A Rebirth in Flame: Ukraine’s Beleaguered Energy System
Russia’s relentless assault on Ukraine’s energy infrastructure and a crisis of governance promise a cold winter. But there is hope ahead.
The Kremlin’s forces have been striking Ukraine’s energy generation and distribution facilities almost daily. Attacks on November 25 alone left more than 40,000 people without power in the Kyiv region, 20,000 in Odesa, 13,000 in Chernihiv, 21,000 in Dnipro, and more than 8,000 in Kharkiv.
Emergency shutdowns were imposed in the Kyiv, Kharkiv, Poltava, and Sumy regions, and hourly scheduled outages and industrial load restrictions are in effect across the country. Residents in the capital say it’s now common to have just three hours of power in the morning and three in the afternoon. The disruptions underline how deeply Russia’s energy war has eroded Ukraine’s resilience as winter is setting in.
This is a vulnerability with long historical roots. For decades, Ukraine’s energy architecture was tightly connected to Russia’s, a legacy of the Soviet integrated grid and a result of dependence on Russian nuclear fuel, spare parts, and gas.
Before the full-scale invasion of 2022, Ukraine’s electricity system was synchronized with Russia and Belarus. In 2021, the last full year before the all-out war, Ukraine reached 158.4bn kWh of electricity production — a 5.2% increase on the previous year — with nuclear power providing 54.4% of all generation and thermal plants 23.5%. Renewables, combined heat and power, and hydropower accounted for the rest.
Zaporizhzhia nuclear power plant, the largest in Europe, was a central pillar of the system.
By the time Russia began attacking Ukraine’s grid in 2022, Kyiv was already working to reduce dependence on its untrustworthy and aggressive neighbor. In 2015, during the war in Donbas, Moscow’s forces had shelled the Luhansk thermal power plant in Shchastia, foreshadowing the Kremlin’s later campaign of systematic destruction.
Ukraine diversified away from Russian nuclear fuel, becoming the first state in the world to fully eliminate dependence on Rosatom for VVER-type reactors. It also halted direct gas imports from Russia in 2015 and started reforming its electricity markets and regulatory institutions.

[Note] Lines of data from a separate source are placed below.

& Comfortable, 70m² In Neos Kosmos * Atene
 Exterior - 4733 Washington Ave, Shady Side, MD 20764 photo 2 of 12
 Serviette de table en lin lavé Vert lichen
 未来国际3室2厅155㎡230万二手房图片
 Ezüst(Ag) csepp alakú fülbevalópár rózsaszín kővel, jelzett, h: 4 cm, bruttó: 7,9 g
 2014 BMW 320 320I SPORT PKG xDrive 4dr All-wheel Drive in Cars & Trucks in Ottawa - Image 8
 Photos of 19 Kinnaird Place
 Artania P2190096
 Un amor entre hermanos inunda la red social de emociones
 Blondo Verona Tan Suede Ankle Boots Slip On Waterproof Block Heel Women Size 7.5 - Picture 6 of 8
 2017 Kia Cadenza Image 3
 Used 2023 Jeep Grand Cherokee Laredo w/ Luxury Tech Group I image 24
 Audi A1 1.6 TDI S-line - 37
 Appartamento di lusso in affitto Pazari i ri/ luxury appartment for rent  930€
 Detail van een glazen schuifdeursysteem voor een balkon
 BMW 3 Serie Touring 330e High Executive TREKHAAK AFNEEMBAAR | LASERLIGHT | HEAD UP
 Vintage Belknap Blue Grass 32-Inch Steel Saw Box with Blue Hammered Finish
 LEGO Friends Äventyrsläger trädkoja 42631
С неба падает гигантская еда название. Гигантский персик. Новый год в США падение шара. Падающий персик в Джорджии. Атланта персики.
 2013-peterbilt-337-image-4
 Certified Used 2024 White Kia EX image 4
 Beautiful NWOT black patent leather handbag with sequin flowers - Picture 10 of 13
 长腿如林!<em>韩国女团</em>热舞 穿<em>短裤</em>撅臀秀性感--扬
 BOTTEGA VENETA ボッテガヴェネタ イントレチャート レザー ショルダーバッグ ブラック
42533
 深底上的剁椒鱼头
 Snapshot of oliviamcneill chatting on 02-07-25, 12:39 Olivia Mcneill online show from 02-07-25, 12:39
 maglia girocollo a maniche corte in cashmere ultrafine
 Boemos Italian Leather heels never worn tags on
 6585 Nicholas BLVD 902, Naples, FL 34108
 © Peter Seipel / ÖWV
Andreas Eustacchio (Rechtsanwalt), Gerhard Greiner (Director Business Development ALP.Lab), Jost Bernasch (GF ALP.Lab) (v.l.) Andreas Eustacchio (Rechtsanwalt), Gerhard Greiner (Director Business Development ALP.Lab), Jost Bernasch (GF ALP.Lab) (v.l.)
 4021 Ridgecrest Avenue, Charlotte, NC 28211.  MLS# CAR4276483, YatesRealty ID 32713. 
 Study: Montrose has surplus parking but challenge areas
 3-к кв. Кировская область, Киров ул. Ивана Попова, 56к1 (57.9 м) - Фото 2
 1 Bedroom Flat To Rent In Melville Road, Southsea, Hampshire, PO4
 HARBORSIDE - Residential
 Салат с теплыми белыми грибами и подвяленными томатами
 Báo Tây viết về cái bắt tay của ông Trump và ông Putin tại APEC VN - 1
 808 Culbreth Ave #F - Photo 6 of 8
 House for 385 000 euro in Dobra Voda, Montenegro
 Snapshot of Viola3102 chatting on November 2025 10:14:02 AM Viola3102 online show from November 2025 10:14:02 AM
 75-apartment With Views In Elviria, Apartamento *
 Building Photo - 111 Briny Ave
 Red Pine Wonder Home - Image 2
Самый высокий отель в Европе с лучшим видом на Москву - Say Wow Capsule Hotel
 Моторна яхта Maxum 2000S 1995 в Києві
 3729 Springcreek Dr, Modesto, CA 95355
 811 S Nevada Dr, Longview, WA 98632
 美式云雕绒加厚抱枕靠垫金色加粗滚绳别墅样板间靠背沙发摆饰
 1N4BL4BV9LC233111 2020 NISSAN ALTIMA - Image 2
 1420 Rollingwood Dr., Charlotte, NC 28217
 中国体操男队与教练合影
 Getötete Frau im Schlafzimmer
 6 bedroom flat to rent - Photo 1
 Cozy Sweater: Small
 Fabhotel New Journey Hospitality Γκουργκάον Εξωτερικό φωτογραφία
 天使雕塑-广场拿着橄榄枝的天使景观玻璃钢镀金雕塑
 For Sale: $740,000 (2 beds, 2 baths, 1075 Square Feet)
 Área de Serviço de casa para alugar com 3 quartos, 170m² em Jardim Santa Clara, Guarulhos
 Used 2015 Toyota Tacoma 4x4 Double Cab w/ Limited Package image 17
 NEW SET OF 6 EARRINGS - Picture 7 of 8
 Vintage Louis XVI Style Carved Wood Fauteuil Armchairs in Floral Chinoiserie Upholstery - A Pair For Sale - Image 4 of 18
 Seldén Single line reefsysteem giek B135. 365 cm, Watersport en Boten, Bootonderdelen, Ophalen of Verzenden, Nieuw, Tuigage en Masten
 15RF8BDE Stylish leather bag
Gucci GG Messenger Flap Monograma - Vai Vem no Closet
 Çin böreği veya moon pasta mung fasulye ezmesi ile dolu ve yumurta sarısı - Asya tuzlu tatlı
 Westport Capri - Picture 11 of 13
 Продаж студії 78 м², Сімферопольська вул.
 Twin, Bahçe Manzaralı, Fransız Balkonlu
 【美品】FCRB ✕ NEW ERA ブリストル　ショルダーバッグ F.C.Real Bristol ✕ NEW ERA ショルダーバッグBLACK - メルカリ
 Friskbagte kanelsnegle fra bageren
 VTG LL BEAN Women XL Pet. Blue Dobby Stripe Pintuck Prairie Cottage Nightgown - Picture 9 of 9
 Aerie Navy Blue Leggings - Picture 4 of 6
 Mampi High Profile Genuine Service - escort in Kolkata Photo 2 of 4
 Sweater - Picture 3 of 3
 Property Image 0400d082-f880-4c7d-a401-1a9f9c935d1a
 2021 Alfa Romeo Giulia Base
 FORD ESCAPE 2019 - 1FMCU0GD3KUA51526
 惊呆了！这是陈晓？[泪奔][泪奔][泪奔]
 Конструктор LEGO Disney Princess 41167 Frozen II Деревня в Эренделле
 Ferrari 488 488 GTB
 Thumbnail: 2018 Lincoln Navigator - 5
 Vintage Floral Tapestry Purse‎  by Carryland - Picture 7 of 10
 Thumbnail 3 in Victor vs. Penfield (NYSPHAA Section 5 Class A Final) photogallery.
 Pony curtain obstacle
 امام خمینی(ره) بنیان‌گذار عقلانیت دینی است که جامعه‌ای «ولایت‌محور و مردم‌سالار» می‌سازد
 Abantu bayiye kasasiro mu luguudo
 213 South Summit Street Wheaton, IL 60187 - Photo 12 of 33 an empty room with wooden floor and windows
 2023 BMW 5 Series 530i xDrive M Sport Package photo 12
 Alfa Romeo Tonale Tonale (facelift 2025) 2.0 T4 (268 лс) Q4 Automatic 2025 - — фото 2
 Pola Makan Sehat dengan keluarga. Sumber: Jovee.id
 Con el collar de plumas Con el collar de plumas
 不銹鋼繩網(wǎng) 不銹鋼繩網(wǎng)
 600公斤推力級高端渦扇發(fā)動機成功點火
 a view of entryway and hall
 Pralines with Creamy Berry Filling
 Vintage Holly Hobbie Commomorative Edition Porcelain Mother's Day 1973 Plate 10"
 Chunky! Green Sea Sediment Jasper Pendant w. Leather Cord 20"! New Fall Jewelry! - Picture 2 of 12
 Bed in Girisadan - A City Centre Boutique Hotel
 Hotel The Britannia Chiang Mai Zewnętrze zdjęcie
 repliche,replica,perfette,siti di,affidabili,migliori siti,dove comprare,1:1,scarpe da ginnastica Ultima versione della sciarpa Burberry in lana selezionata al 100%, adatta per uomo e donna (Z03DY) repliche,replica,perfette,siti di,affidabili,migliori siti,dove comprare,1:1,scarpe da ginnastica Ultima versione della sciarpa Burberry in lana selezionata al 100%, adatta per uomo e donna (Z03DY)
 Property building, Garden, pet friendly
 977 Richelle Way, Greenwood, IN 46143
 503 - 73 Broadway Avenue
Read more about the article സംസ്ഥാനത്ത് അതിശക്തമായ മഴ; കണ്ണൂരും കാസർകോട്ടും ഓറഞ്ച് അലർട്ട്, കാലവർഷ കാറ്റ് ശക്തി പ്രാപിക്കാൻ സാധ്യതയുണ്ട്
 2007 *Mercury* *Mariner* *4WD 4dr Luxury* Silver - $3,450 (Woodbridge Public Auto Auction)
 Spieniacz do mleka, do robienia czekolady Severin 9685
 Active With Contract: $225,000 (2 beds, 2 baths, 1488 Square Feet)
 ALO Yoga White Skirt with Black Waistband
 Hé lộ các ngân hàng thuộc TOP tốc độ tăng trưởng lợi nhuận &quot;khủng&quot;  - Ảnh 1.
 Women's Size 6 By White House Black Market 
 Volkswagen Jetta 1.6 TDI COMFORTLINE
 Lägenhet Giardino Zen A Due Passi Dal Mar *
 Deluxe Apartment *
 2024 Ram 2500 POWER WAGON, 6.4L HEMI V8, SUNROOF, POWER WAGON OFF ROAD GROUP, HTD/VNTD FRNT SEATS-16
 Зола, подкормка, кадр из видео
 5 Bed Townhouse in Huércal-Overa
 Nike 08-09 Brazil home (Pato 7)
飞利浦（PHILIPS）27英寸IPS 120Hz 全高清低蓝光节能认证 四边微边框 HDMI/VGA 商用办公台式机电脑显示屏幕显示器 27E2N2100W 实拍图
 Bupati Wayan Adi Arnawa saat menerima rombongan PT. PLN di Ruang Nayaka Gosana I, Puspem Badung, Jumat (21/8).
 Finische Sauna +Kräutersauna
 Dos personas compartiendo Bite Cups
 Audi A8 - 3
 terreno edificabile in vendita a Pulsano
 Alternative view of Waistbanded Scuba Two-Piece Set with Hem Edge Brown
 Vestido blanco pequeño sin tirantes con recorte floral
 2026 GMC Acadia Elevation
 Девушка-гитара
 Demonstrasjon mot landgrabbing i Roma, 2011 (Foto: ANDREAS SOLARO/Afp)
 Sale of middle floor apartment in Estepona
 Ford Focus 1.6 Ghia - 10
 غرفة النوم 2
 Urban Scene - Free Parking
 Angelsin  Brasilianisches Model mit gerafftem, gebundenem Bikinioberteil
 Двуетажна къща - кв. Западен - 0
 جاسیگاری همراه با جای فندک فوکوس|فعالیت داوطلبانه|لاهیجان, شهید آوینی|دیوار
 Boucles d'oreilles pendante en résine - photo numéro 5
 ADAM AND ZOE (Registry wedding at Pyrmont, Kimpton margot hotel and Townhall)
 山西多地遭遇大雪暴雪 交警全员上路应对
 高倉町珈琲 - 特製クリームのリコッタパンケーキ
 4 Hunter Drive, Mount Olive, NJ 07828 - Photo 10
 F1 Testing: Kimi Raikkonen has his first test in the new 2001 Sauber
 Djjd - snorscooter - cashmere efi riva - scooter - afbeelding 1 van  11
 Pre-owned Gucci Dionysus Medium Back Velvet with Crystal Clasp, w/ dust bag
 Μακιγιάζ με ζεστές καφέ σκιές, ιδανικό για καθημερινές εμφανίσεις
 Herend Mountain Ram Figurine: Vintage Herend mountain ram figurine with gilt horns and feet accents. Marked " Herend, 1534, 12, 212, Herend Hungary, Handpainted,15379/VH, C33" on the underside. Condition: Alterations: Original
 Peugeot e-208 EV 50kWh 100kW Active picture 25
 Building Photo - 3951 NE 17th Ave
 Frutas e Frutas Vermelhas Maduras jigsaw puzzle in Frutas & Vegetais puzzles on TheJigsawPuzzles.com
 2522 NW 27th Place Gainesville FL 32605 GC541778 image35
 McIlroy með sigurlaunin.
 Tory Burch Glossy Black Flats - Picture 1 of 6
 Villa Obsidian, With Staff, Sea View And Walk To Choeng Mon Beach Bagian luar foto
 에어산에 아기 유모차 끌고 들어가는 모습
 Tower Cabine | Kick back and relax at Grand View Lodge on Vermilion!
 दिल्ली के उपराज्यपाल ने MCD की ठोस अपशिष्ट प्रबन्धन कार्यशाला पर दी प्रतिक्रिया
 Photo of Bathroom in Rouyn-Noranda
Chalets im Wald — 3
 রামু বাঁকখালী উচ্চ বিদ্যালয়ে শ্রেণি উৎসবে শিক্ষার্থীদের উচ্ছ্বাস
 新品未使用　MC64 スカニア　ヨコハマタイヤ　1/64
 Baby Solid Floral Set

This gradual decoupling accelerated dramatically after the full-scale invasion. Ukraine immediately disconnected from the Russian and Belarusian energy system and, just weeks later, joined the European ENTSO-E grid — a milestone originally planned for 2023. This shift fundamentally altered the geopolitical landscape of European energy security.
Russia responded with an increasingly destructive strategy. During the first year of the full-scale war, most strikes focused on substations and distribution nodes, until Moscow shifted to attacks on generation with strikes on thermal power plants, hydropower dams, and renewable installations.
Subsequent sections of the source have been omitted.